NEW YORK (HedgeWorld.com)–Michael L. Smirlock, former president and chief executive of hedge fund manager Laser Advisers Inc., Short Hills, N.J., is scheduled to surrender himself to the custody of the federal Bureau of Prisons Thursday, August 1, to begin serving his sentence of four years of incarceration.
Just last week the Securities and Exchange Commission announced the settlement of its civil action against Mr. Smirlock and Laser Advisers.
In its complaint in that civil action, the SEC alleged that from December 1997 to June 1998, Mr. Smirlock unlawfully schemed to inflate the value of the investment portfolios of Laser’s three hedge funds, in particular through his handling of options on interest-rate swaps.

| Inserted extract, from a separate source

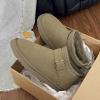 Women Snow Boots Faux Fur Collar Fashion Winter Ankle Booties Lightweight Anti-Slip Faux Fur Lining Shoes view 3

In the civil settlement, Mr. Smirlock neither admits not denies any of the charges against him and accepts a permanent bar from any association with an investment adviser, as well as an injunction against violations of the Securities Exchange Act of 1934, the Investment Advisers Act of 1940 or regulations enacted pursuant to either.
The criminal sentence is as harsh as it is largely because Mr. Smirlock is a recidivist. He was charged with aiding and abetting violations of the antifraud and racketeering provisions of the Investment Advisers Act in November 1993.
Mr. Smirlock was represented against both the civil and criminal charges by William M. Brodsky of Baden, Kramer, Hoffman & Brodsky PC, a New York-based firm founded in 1979 that focuses on white-collar criminal defense. Mr. Brodsky said this week that under federal statutes his client would have to serve at least 85% of the sentence imposed, which is three years five months.
In the 1980s, Mr. Smirlock had a more scholarly reputation. In 1984, he co-authored an important paper on the value of “Tobin’s q” as an index of management performance. (Tobin’s q, named after the late Yale economist James Tobin, is the market value of enterprise assets divided by their replacement cost.) The other authors of that paper, Thomas Gilligan and William Marshall, both professors at the Marshall School of Business, the University of Southern California, could not be reached for comment.
The charges that have now led to Mr. Smirlock’s date with the Bureau of Prisons Aug. 1 involved the alteration of documents and the false pretense that Mr. Smirlock had Bermuda swaptions in the portfolios when in fact he had less valuable European waptions.